Denn statt mit Gedanken lässt sich ein Signal auch mit einer Bewegung der Augen oder einem zuckenden Mundwinkel geben. Deshalb werden am Wettkampf nun alle Sensoren- und Softwaredaten aufgezeichnet und die Gesichter der Spieler gefilmt, so dass im Nachhinein zu sehen ist, ob jemand gezwinkert hat.

Im Hirn ist viel los

In einigen Punkten, so der Game-Designer, habe sich die Entwicklung von «BrainRunners» dann schon von der eines herkömmlichen Games unterschieden. Denn bei einem Game, das per Joystick oder Keyboard gespielt wird, ist jeder Tastendruck eine klare Willensbekundung: Der Spieler gibt zu verstehen, dass er genau diesen einen Befehl auslösen will.

Bei einem mit Gedanken gesteuerten Game ist Absicht nicht immer so klar – denn im Hirn ist zu jedem Zeitpunkt viel mehr los als nur ein einziger Gedanke.

Ein Screenshot des Games «Brainerunners», auf dem Figuren einen Wettlauf absolvieren.
Legende: Wer gewinnt? Screenshot des Games «BrainRunners» in Aktion. PD

Die oben erwähnten 2 bis 10 Sekunden Verzögerung seien beim Gamedesign dagegen – wider Erwarten – nicht ins Gewicht gefallen, sagt Bauer: «Auch bei einem Game wie ‹Super Mario Bros.› planen wir ja immer im Voraus, was wir als nächstes tun wollen. Und dasselbe macht auch der Spieler beim Cybathlon.»

Weil er das neue Spielfeld schon voraussehen kann, kann er auch den Befehl zum Rotieren, Springen oder Rutschen schon ein wenig im Voraus geben und damit die Verzögerung ausgleichen.

Dagegen mussten sich im Gegensatz zu einem normalen Computergame bei «BrainRunners» Hintergründe und Sound ausschalten lassen. Denn die Cybathleten könnten von solchen Ablenkungen in ihrer Konzentration gestört werden. Beim herkömmlichen Gamedesign kommen solche Elemente oft genau zum umgekehrten Zweck zum Einsatz: um das Spielerlebnis intensiver zu machen und den Spieler tiefer ins Geschehen eintauchen zu lassen.

In Realität schwieriger als in der Vorstellung

Aber «BrainRunners» soll eben nicht nur als Spiel funktionieren, erklärt René Bauer.
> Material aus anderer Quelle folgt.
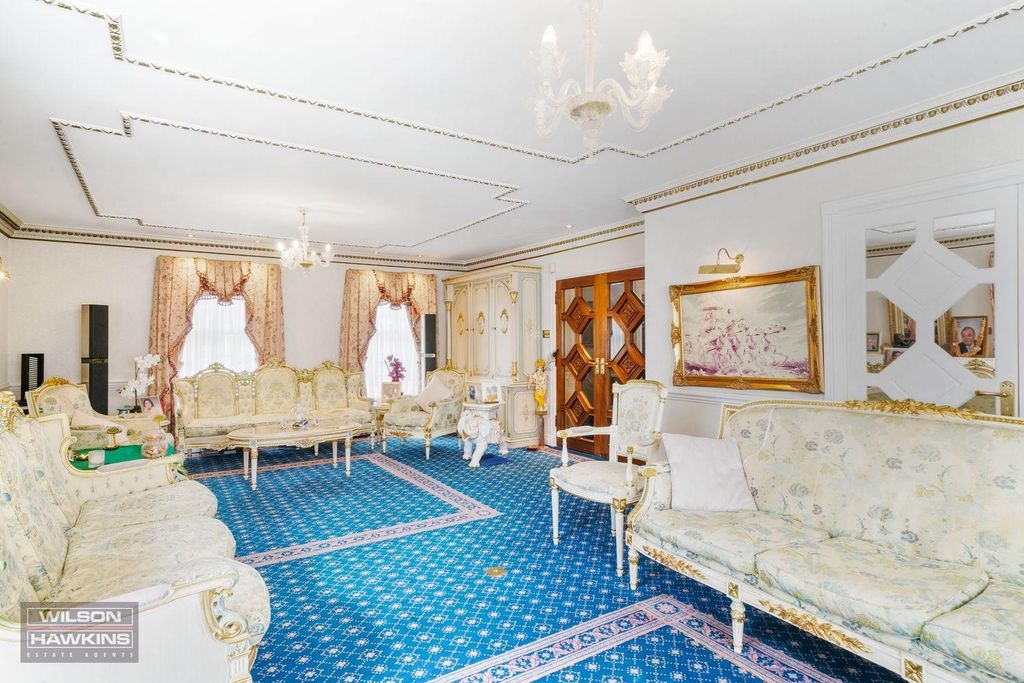 Property photo 3 of 19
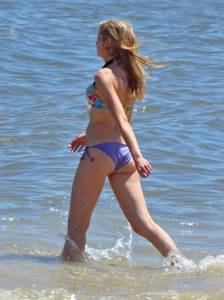 Blonde bikini teen on the beach candids-t7n3bwj22c.jpg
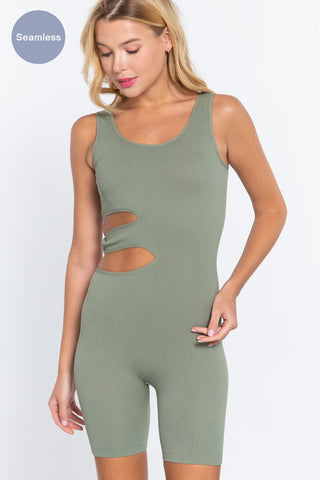 Fiona Fitness Nylon/Spandex Seamless One Piece Circle Fastener Cut-out Detail Romper (Sage Green)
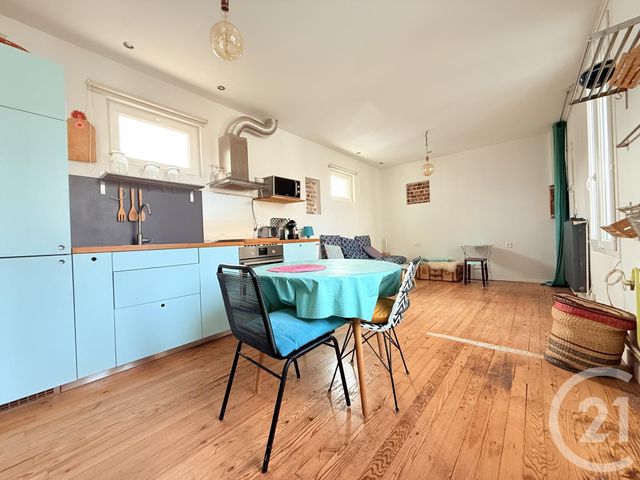 Appartement à vendre - 2 pièces - 37.05 m2 - ST OUEN - 93 - ILE-DE-FRANCE - Century 21 Wilson Immobilier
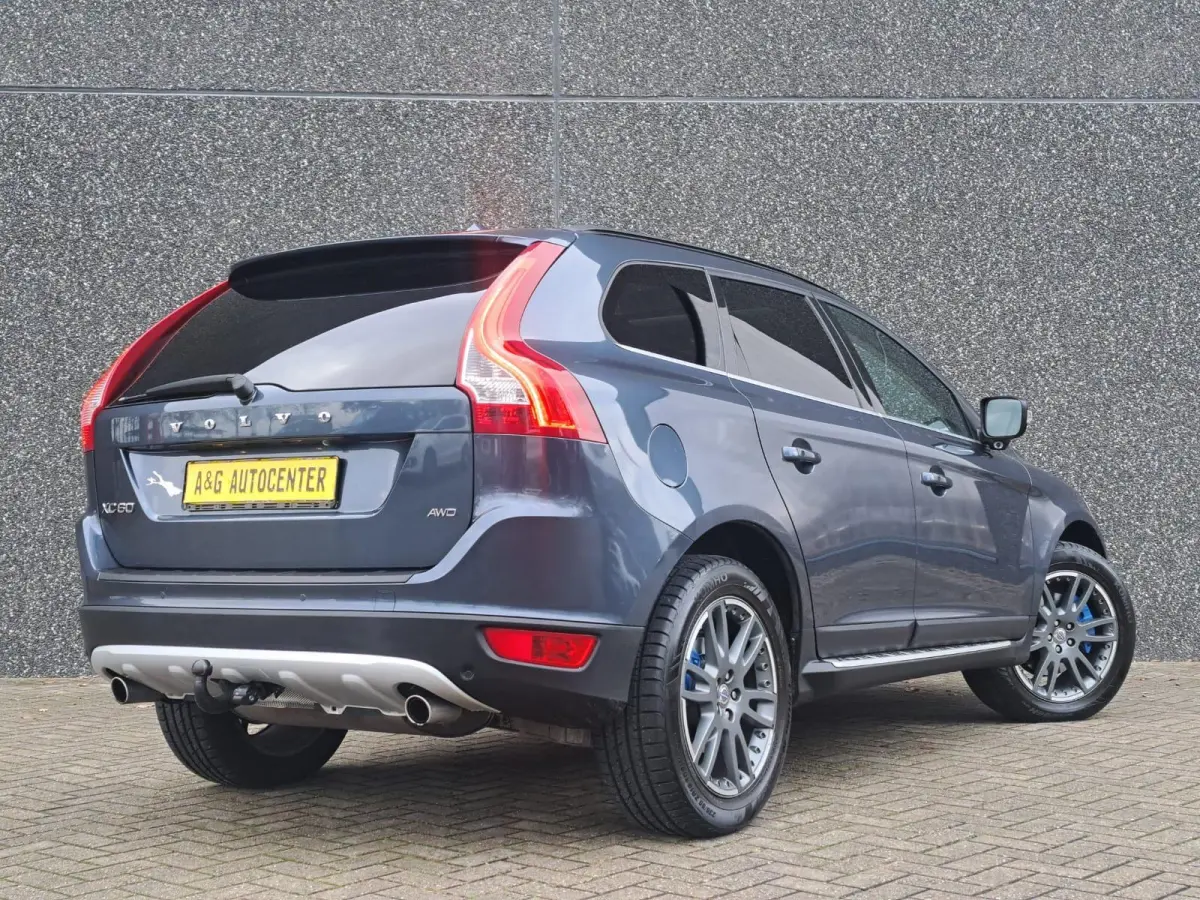 3.0 T6 AWD Summum/Leer/Pano/Navi/19''/286PK/Vol!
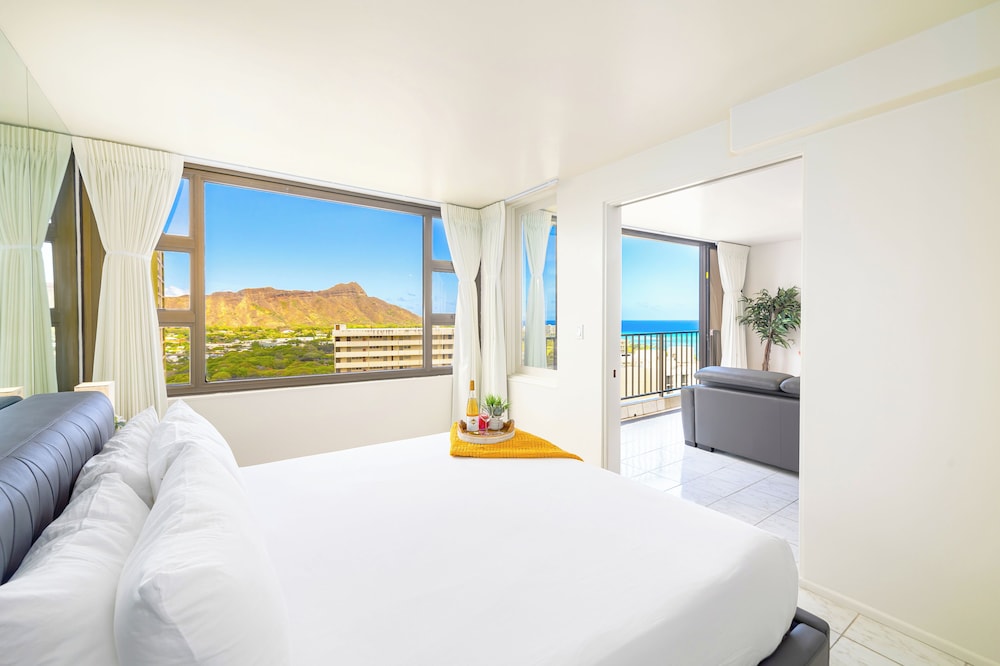 Diamond Head and Ocean views with King Bed and Parking: hotel room photo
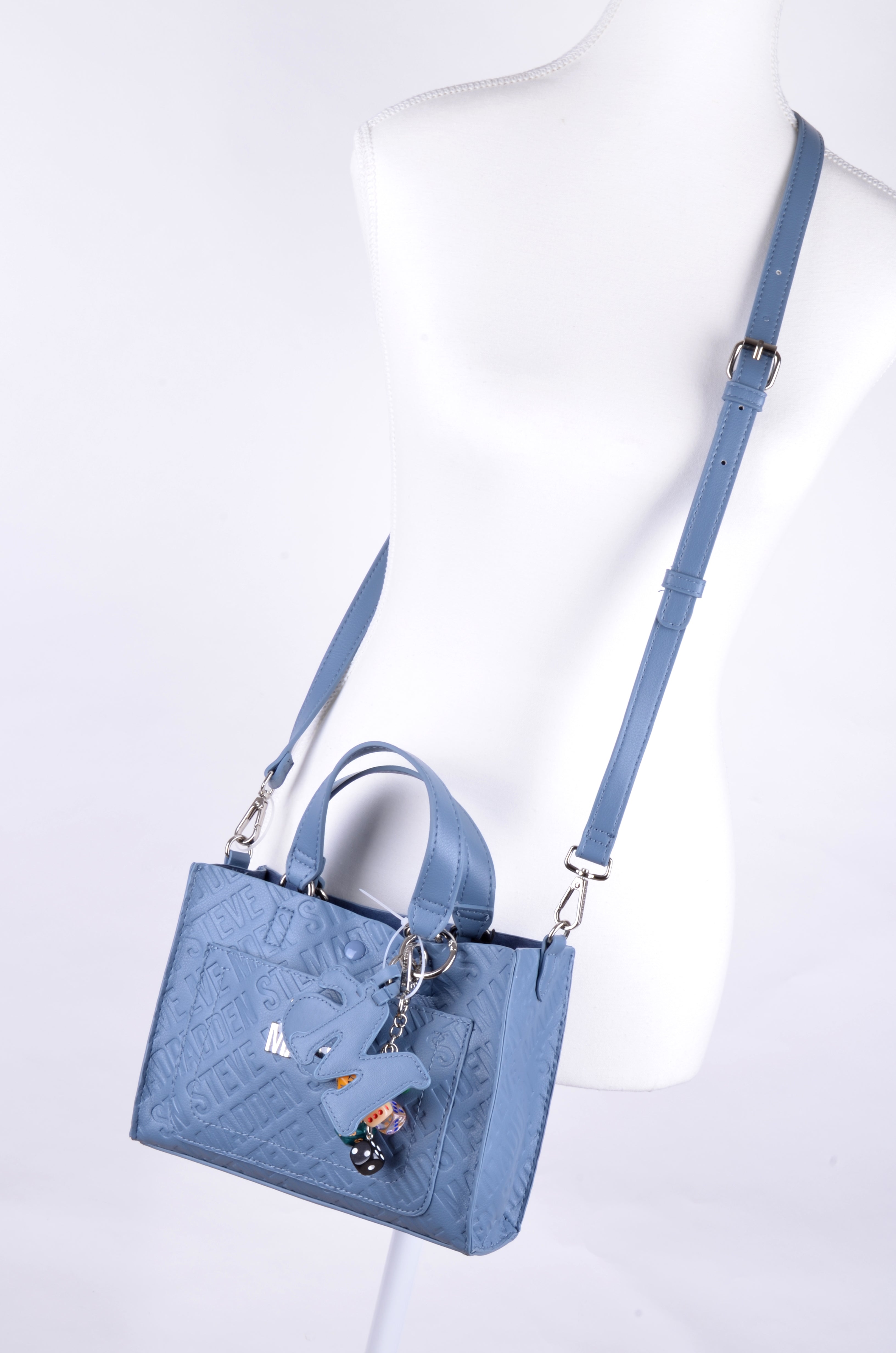 Satchel Steve Madden Azul Monograma con Charms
Es gehe auch darum zu sehen, ob mit einer solchen Steuerung in Zukunft zum Beispiel ein Rollstuhl gelenkt werden könnte. Doch dass Brain-Computer-Interfaces bald unsere gewohnten Steuerungsmechanismen ganz ablösen – das bezweifelt der Dozent für Game Design.
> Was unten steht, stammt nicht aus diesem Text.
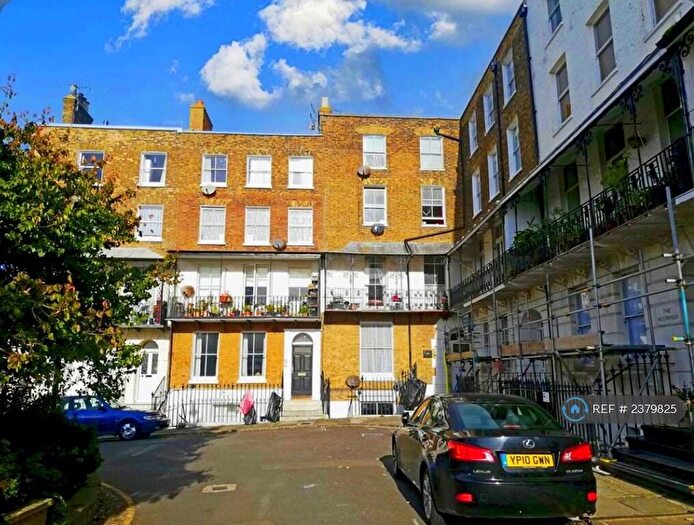 2 Bedroom Flat To Rent In Albion Place, Ramsgate, CT11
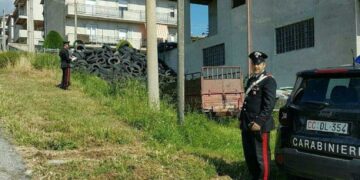 Omessa rimozione e smaltimento di rifiuti a Cotronei, deferito 43enne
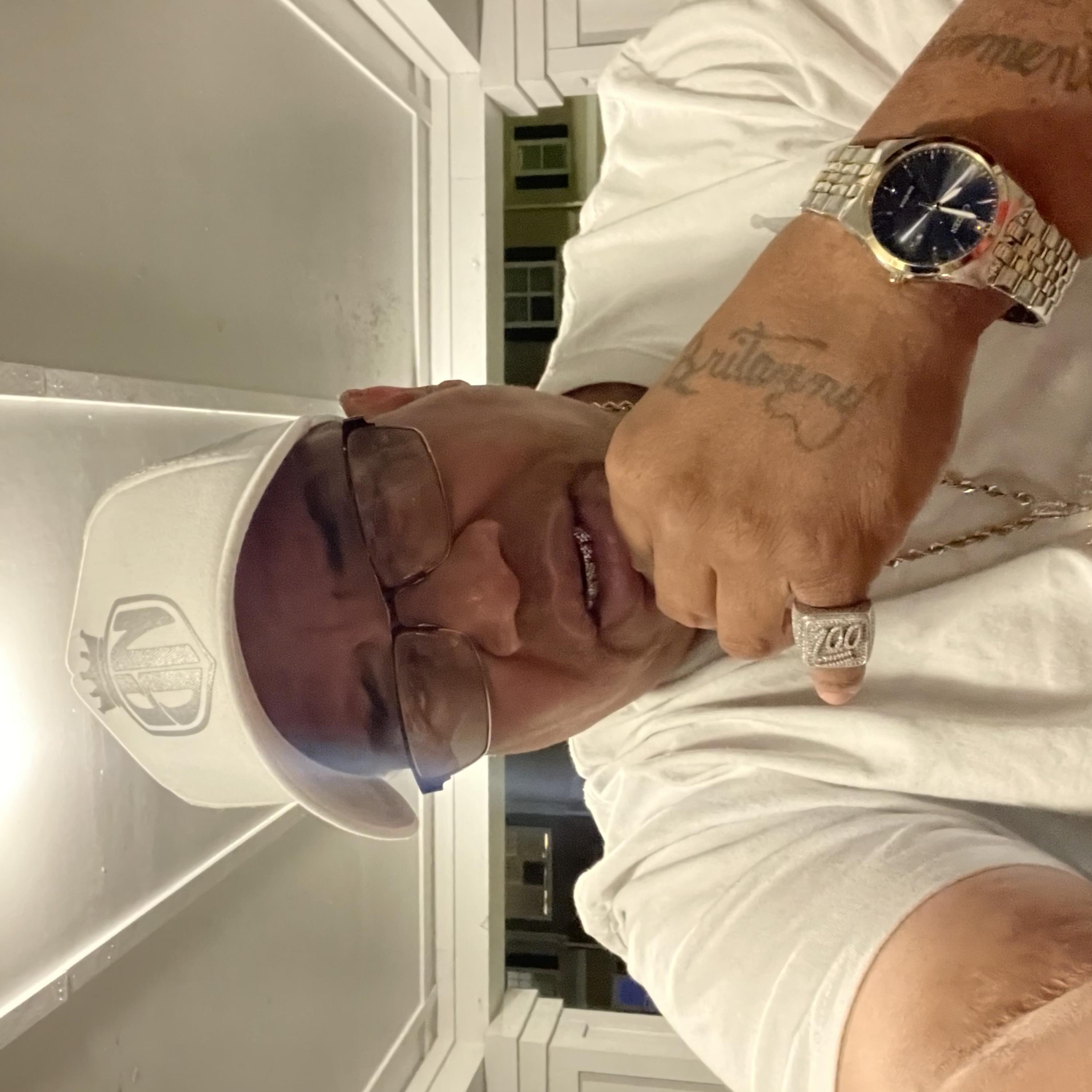 Shake Your Booty artwork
Einfach auf einen Knopf zu drücken und damit einen klaren Befehl zu geben, sei der BCI-Steuerung heute jedenfalls noch weit überlegen. Und vielleicht sei es mit Brain-Computer-Interfaces ja ein wenig wie mit der Sprachsteuerung auf dem Smartphone, meint er zum Schluss. Was in der Vorstellung verlockend klinge, könne sich in Realität dann als weitaus umständlicher herausstellen.